Opinion Article - (2021) Volume 10, Issue 8
Received: 02-Aug-2022, Manuscript No. JTD-22-17997; Editor assigned: 05-Aug-2022, Pre QC No. JTD-22-17997 (PQ); Reviewed: 22-Aug-2022, QC No. JTD-22-17997; Revised: 29-Aug-2022, Manuscript No. JTD-22-17997 (R); Published: 05-Sep-2022, DOI: 10.35241/2329-891X.22.10.343
A member of the Togaviridae family of arthropod-borne alphaviruses, the Chikungunya Virus (CHIKV) is spread by Aedes mosquitoes. Chikungunya fever, a rash, and arthralgia are the known signs of the virus. These are often followed by potentially persistent and crippling arthritic symptoms that can linger for months or years. Historically, CHIKV was primarily discovered in Africa and Asia after being first discovered in isolation in Tanzania's Makonde Plateau in 1952. The word "Chikungunya" is a Makonde expression that means "that which bends up."
Aedes aegypti and Ae albopictus are the principal carriers of the CHIKV virus. These mosquitoes possess biological traits that enable effective invasiveness, vector competence, and vectorial ability, which set the stage for the spread of Chikungunya fever around the world. The species' fondness for human blood and its historical record of colonisation outside of its native region underline its invasiveness.
The physiological traits of the species that permit transmission, such as virus ingestion with blood meal and subsequent infection of the mosquitoes' salivary glands, determine the vector competence. The most crucial component is vector capacity, which defines epidemic potential and is primarily impacted by extrinsic (environmental problems) and intrinsic (barriers to mosquito infection). Vector competence variables that directly affect infectivity include vector density in relation to the host, likelihood that the vector will feed on the host in a single day, vector survivability, and extrinsic incubation period.

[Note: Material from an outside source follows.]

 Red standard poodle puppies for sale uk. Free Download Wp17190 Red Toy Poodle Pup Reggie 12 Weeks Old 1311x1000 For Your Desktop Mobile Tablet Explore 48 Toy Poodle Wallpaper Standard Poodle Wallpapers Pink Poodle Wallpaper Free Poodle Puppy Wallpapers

Ae. aegypti has been recognized in the U.S. for more than 300 years while Ae. albopictus has been exist since 1985 with different vector characteristics building global expansion of the disease possible. Specifically, CHIKV was found to have adapted to Ae. albopictus recently during the Indian Ocean outbreak in 2005-2006 when it received a mutation in its E1 membrane protein that permitted it to infest the urban mosquito vector. In common, the threat to public health posed by Ae. aegypti and Ae. albopictus mosquitoes is a purpose of their focused feeding on and association with humans along with the capacity of the human host and mosquito vector to travel.

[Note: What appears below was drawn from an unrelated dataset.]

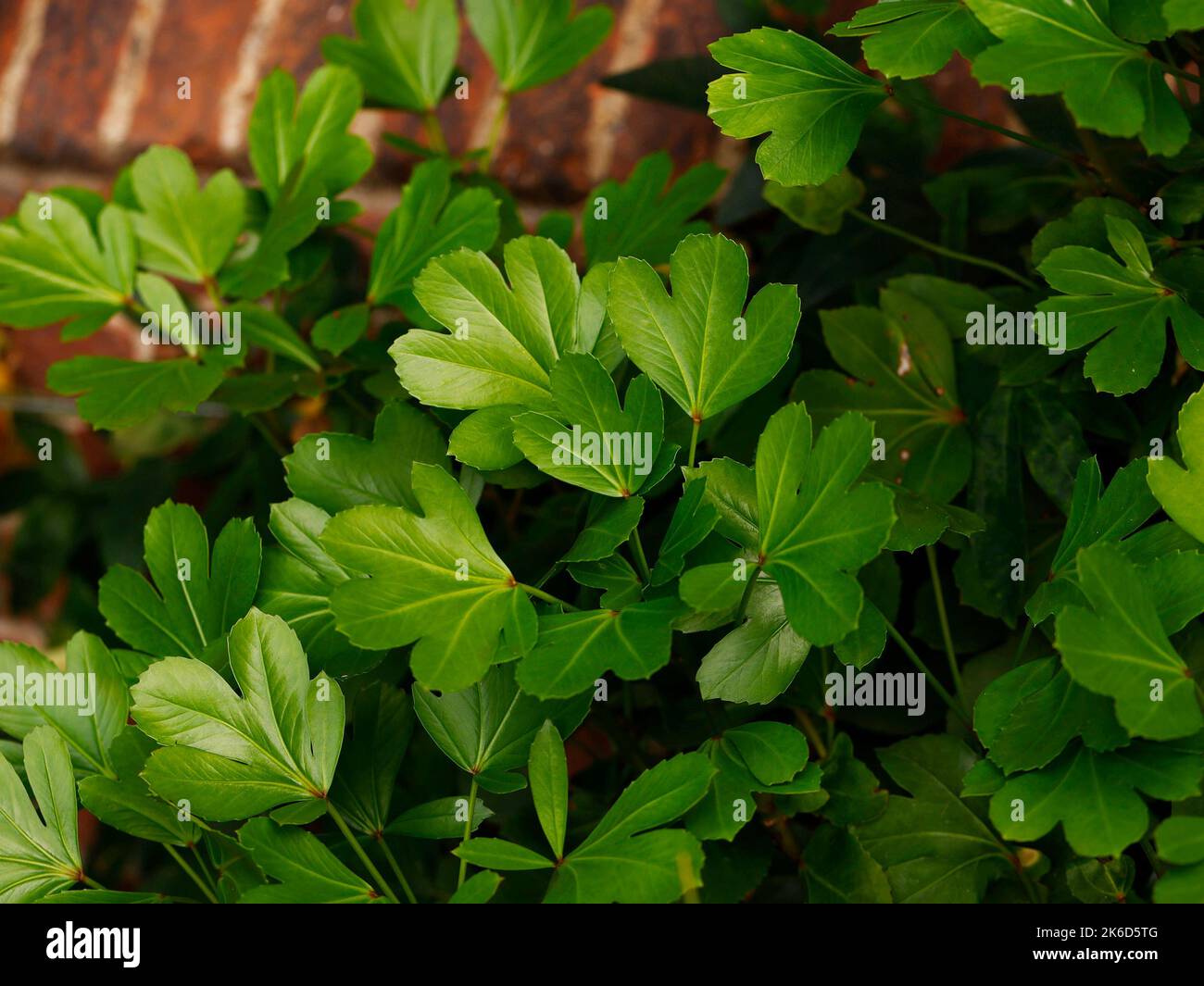 Primo piano delle belle foglie del giardino sempreverde arbusto Pseudopanax adiantifolius cyril Watson. Foto Stock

CHIKV is known to spread in 2 cycles: urban cycle and sylvatic cycle. Urban transmission is from human to mosquito to human and is the key source of the current Western Hemisphere epidemic. Sylvatic transmission can be found in Africa and is based on animal to mosquito to human. As mentioned earlier, CHIKV was primarily transmitted through the vector Ae. aegypti, but incorporation of Ae. albopictus through a mutation in the E1 envelope protein not only improved the fitness of the virus in this species but improved transmissibility to vertebrates.

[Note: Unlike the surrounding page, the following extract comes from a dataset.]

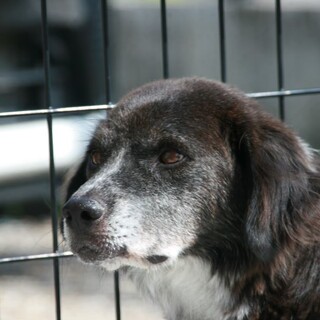 穏やかで優しい　しんちゃん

The direction of infection used by CHIKV initiates after inoculation and infection of human epithelial and endothelial cells, main fibroblasts, and monocyte-derived macrophages. After an early immune response and sheltering in the lymph nodes, CHIKV travels through the lymphatic and circulatory system causing important viremia. Transport into target organs (joints, muscles, liver, and brain) has been found to be caused by infested monocyte-derived macrophages. Inflammatory reaction mediated by CD8+ (acute), CD4+ T lymphocytes, and proinflammatory cytokines are thought to be responsible for the acute symptoms, while an insistent reservoir of infected monocytes in the joints may be responsible for chronic joint disease.
Chronic arthritis from Chikungunya fever has emerged as a concern for rheumatologist specialists worldwide because of swelling and repeated pain that poorly responds to treatment with analgesics, and because it is a debilitating disease that mimics rheumatic arthritis and compromises the quality of life.
Citation: Amin N (2022) Etiology and Pathophysiology of Chikungunya Virus. J Trop Dis. 10:343.
Copyright: © 2022 Amin N. This is an open access article distributed under the terms of the Creative Commons Attribution License, which permits unrestricted use, distribution, and reproduction in any medium, provided the original author and source are credited.